Mike Conner of Florida Sportsman magazine writes about our fly fishing trip for Bonito. Please click here to read the full story.
We have all heard the chit-chat about “glamour” fish at your local tackle store, marinas, and just about anyplace where folks talk about fishing. You know— a slam of this, or a slam of that. Mind you, I’m not knocking anyone who can catch three highly-prized game fish in one outing either on the flats, backcountry, or offshore. That’s quite an accomplishment, in anyone’s book.
But, living here in South Florida is quite a blessing in many ways and one of the fishing benefits is that here in Jupiter it’s not uncommon to catch six or more species of fish on any given summer day. Sure, it’s super hot and the afternoon thunderstorms can be problematic. However, some excellent fly-fishing opportunities exist, and some of the best and most exciting fly fishing is for species that are not high on the “glamour” list, but are as fun as can be. One particular species that’s one heck of a lot of fun to catch on a fly rod is the bonito, AKA: albie, football, hardhead, or bombers. It’s sort of like the Rodney Dangerfield of fish; until recently, “it got no respect.” But that all changed when fly-fishermen discovered that this cousin of the tuna can be caught in good numbers close to the boat and that they hit like you hooked a car going 30 mph, and then take off, not once, but for as many as four long runs. Pound for pound they are one of the best fighting fish in any body of water anywhere. My clients are often surprised when they discover I was not exaggerating about the hard fighting qualities of this fish.
During the months of May, June, July, and August, when the small baitfish are plentiful in the Jupiter area, the albies won’t be far behind. Mixed in with the albies out in the ocean depths, it’s not uncommon to catch a cornucopia of other fish such as rainbow runners, blue runners, dolphin, jack, sails, marlin, sharks, cobia tripletail, and kingfish.
When properly chummed, albies explode on the surface, and it gets really exciting really fast when you cast your fly into the teaming melee and strip set the hook.
Hold on tight, make sure your line is clear of anything that it will snag on (like your precious fingers!), and get that fish on the reel quick or be assured that Murphy’s law will kick in; and whatever can go wrong, will go wrong.
High-sticking a fly rod with an albie on the other end is a big problem.
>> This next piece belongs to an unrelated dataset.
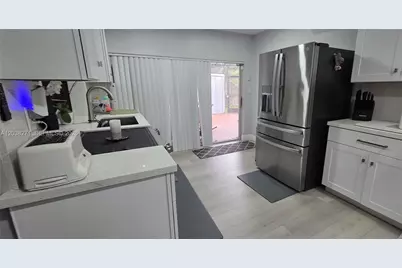 7907 NW 73rd Ave, Tamarac, FL 33321 - Photo 4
If you have ever done it, you know why. They break 12- and 14-weight rods as if they were pretzel sticks.
A 15-pound fish can dump a couple of hundred yards of line in a flash, so get your act together quickly. Albie fishing is a type of fishing that will change the way you think about fly-fishing. It’s amazing that a fish that weighs under 20 pounds will be your new standard of excellence.
I prefer an Orvis Large Arbor Vortex Big Game 10-13 wt. reel loaded with Orvis gel-spun backing, and attached to either Tarpon Wonderline Gen 3, or clear sink-tip fly line. It’s important to use Mirage Fluorocarbon 14.5# or 20 # leader material, since albies are very leader-shy at times. Mirage keeps the visibility of the leader to the very minimum. A Cowen Silverside #jv19l3-00 or a Blados Crease Fly # jv44k5-21 are good fly choices and will get you plenty of action.
One final thought
Unless you are using the caught albies for something special, I encourage you to practice catch and release. That way these beautiful game fish can live to fight again. Be gentle on the fish and remember they tend to behave when you turn them belly up when dehooking. Since bonito are fast-moving fish, it’s important to launch them head first into the water to get them breathing again.